#### Data for processing:
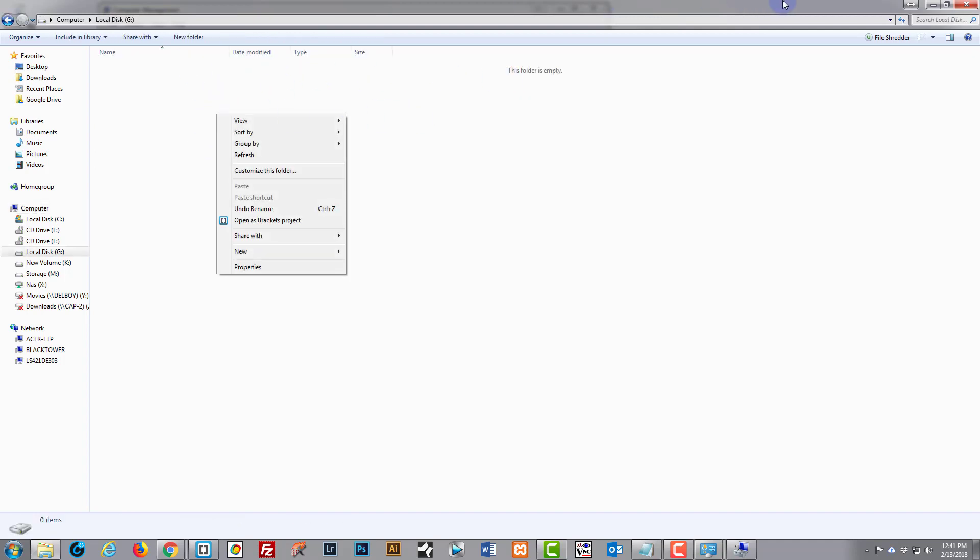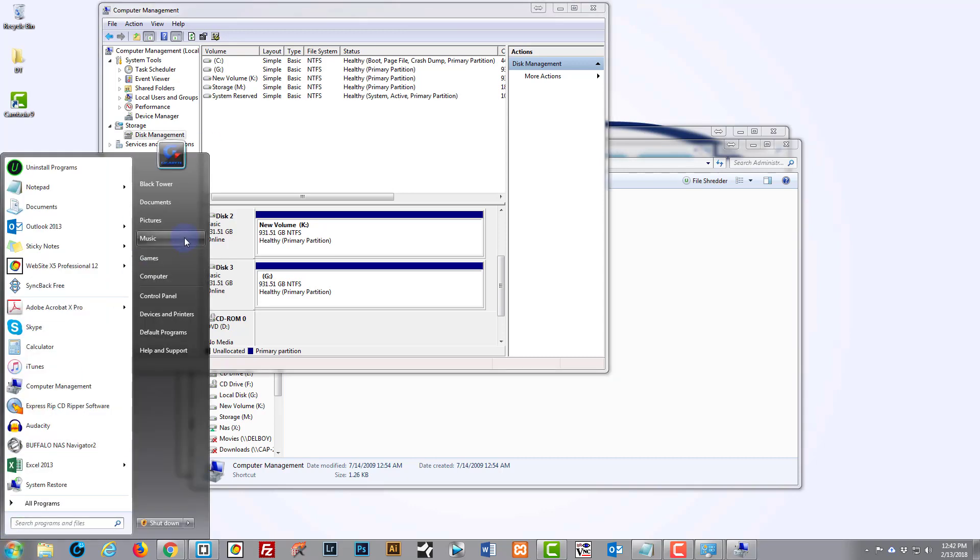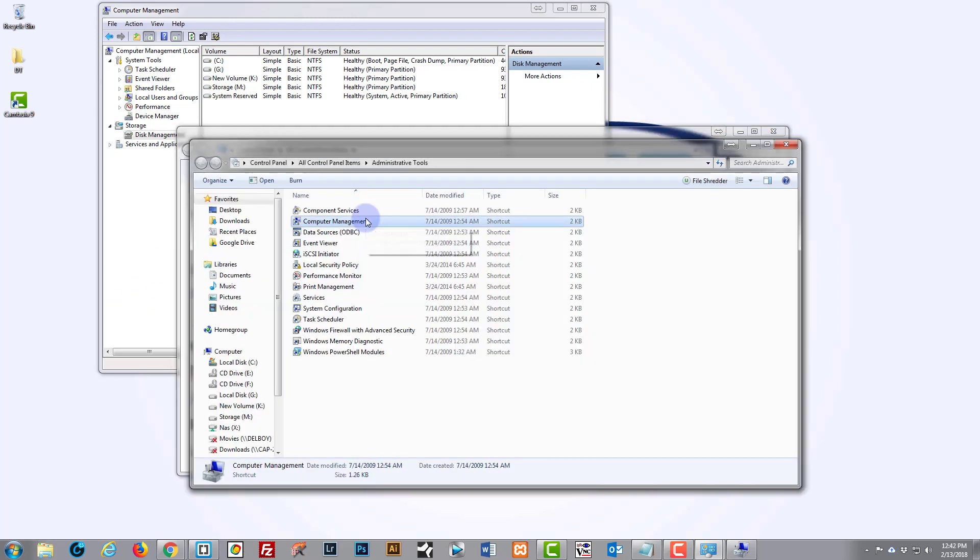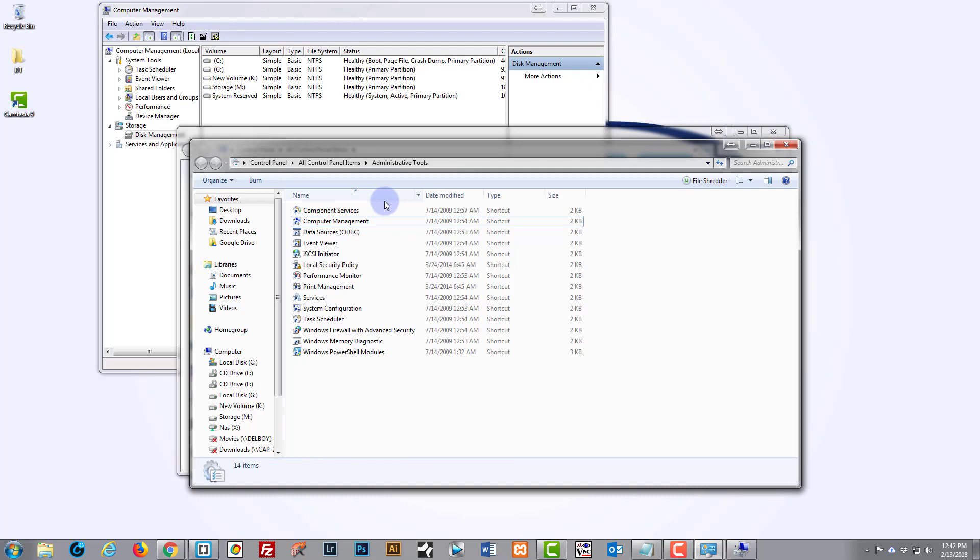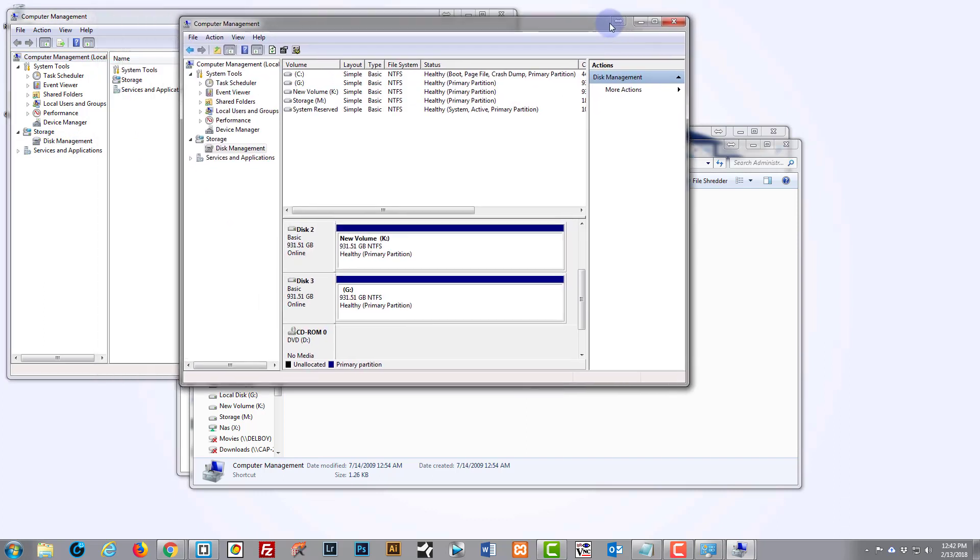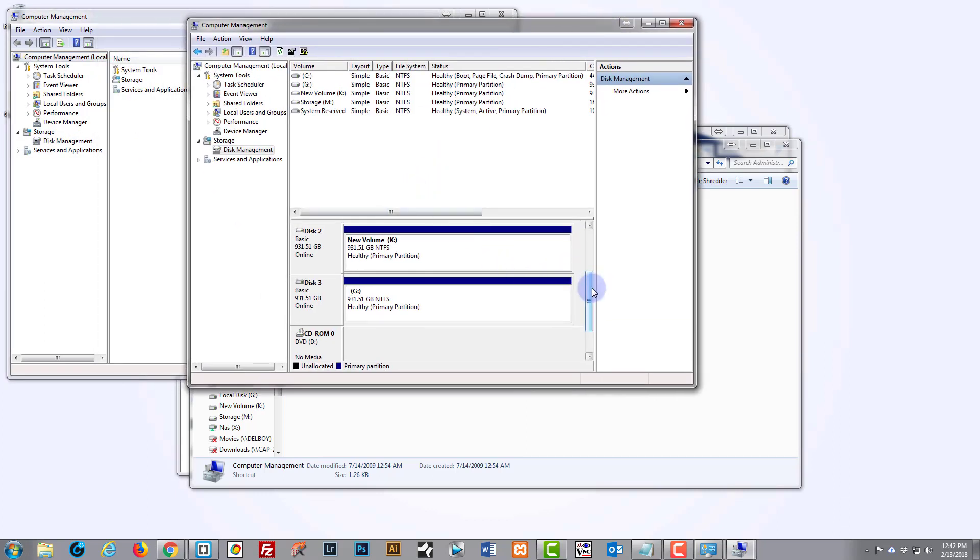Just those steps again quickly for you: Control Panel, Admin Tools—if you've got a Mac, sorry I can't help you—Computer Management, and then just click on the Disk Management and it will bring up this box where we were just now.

...

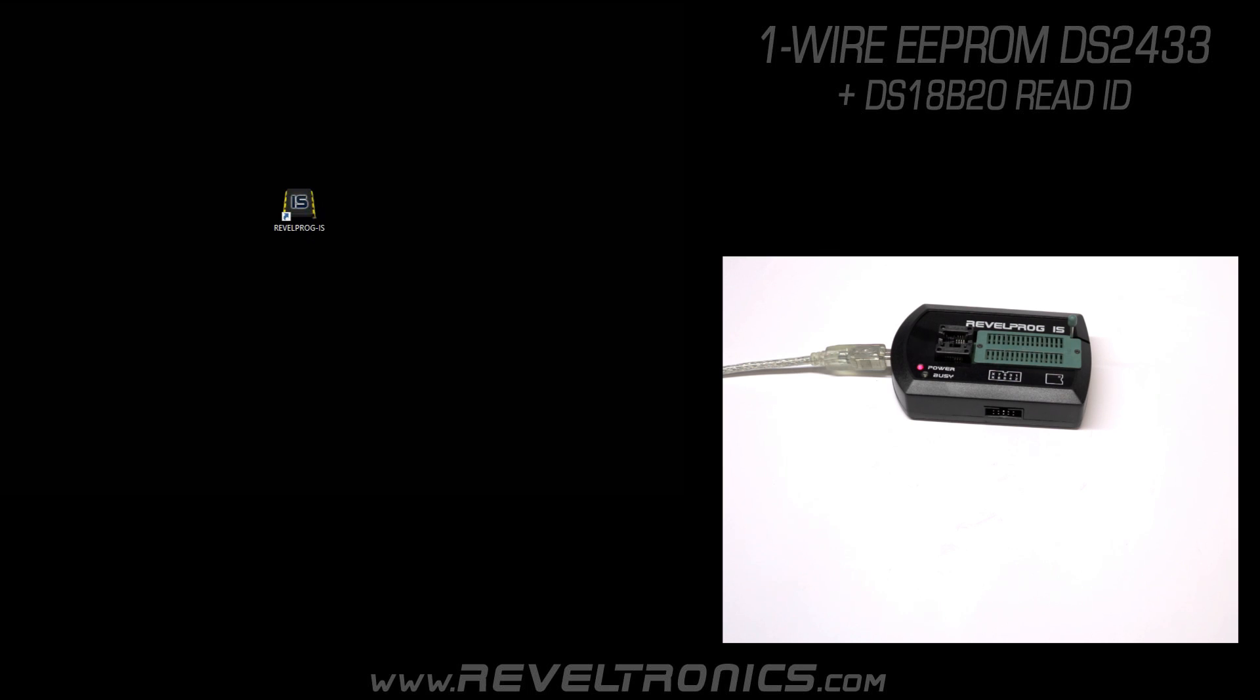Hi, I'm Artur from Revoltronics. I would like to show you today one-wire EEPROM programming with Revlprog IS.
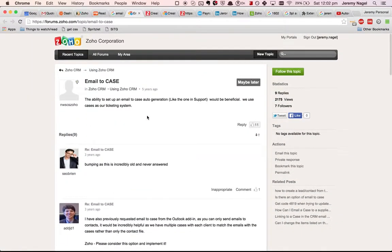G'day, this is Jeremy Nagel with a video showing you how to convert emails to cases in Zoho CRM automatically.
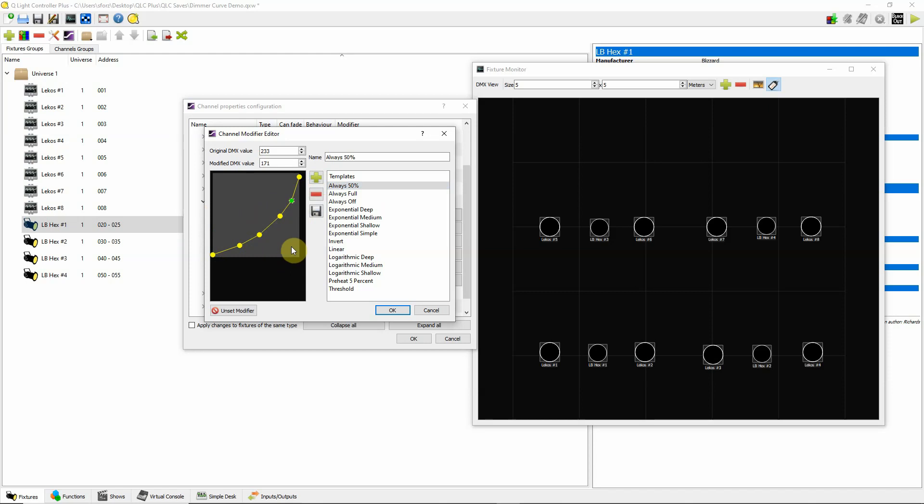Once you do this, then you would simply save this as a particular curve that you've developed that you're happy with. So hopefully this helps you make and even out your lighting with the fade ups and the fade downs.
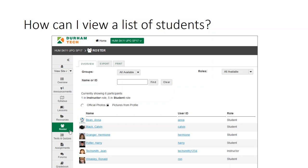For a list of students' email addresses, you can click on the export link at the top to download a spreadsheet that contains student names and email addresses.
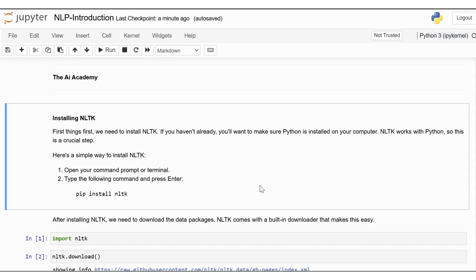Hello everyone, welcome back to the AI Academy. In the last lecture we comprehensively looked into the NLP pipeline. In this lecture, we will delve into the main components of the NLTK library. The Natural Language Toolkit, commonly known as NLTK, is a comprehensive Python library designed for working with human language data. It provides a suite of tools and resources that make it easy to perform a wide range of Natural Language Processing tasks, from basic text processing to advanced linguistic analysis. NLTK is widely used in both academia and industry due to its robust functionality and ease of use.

--

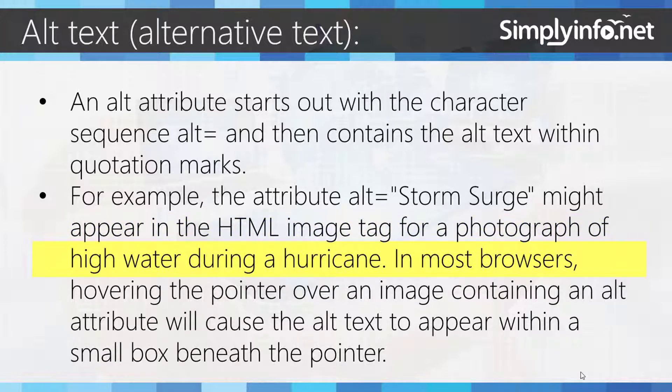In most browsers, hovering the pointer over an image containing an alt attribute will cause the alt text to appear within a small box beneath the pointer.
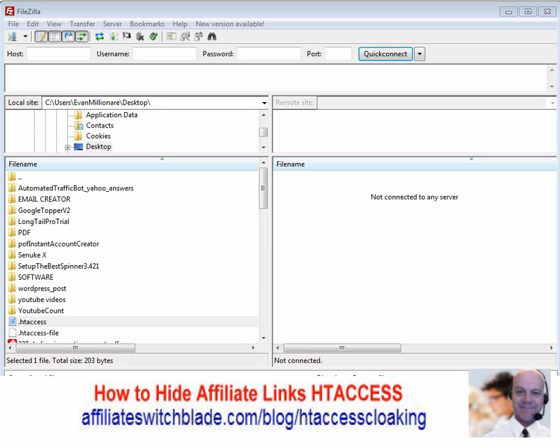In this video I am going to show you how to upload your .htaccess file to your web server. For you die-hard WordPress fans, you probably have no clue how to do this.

#### What is expected:
Above, find the line holding "G'day, this is" and the line holding "Hello everyone, welcome". Print exactly those two lines and every line between them, but no pictures.

#### Answer to the problem:
G'day, this is Jeremy Nagel with a video showing you how to convert emails to cases in Zoho CRM automatically.
Once you do this, then you would simply save this as a particular curve that you've developed that you're happy with. So hopefully this helps you make and even out your lighting with the fade ups and the fade downs.
For a list of students' email addresses, you can click on the export link at the top to download a spreadsheet that contains student names and email addresses.
Hello everyone, welcome back to the AI Academy. In the last lecture we comprehensively looked into the NLP pipeline. In this lecture, we will delve into the main components of the NLTK library. The Natural Language Toolkit, commonly known as NLTK, is a comprehensive Python library designed for working with human language data. It provides a suite of tools and resources that make it easy to perform a wide range of Natural Language Processing tasks, from basic text processing to advanced linguistic analysis. NLTK is widely used in both academia and industry due to its robust functionality and ease of use.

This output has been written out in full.